Dexia agrees to sale of asset management unit to GCS Capital

The Hong Kong private equity firm plans to market Dexia funds in Asia

Dexia sign 175px

Dexia agreed to sell Dexia Asset Management to Hong Kong-based private equity firm GCS Capital for €380 million ($496 million), both companies announced Thursday.

Brussels-based Dexia Asset Management, which has about €80 billion in assets under management and 550 employees worldwide, will continue to operate mainly from Europe, according to the news release.

In a separate move, GCS also agreed to become a preferred money management partner of Industrial and Commercial Bank of China. ICBC is China's largest bank by assets.

Dexia AM's products “will become available to investors in Asian markets through ICBC's branch network,” according to a news release issued by GCS. “Furthermore, GCS Capital also sees a significant opportunity to offer Asia-focused solutions to DAM's existing European and Australian investors.”

Mike Powell, senior partner of GCS Capital, said in the GCS news release: “GCS Capital's clear growth strategy is to leverage the combined strengths of the existing platform and our strategic partners to broaden distribution and enhance product offerings across additional geographic regions.”

Mr.
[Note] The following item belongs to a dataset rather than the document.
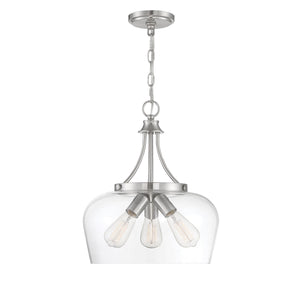 Savoy House - 7-4034-3-SN - Three Light Pendant - Octave - Satin Nickel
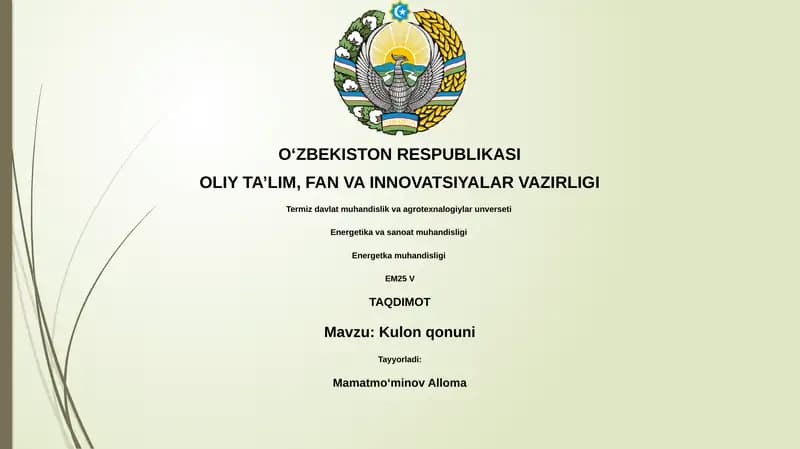 Kulon qonuni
Powell and other executives at GCS Capital and Dexia declined further comment pending completion of the transaction, which is expected within the next few months.

Several analysts and bankers who are familiar with the transaction said the price appears to be fair. According to estimates, the agreed transaction is valued at about 7 to 7.5 times EBITDA (earnings before interest, tax, depreciation and amortization). While money managers have historically traded at higher valuations of between 8 to 9 times EBITDA, the price paid for Dexia AM appears “pretty much in line” with more recent transactions, including 2010's acquisition of Columbia Management by Ameriprise Financial from Bank of America, one banker said.

“It's a good sign” for potential sellers of money management M&A in 2013, he said. “This establishes a price that looks reasonable.”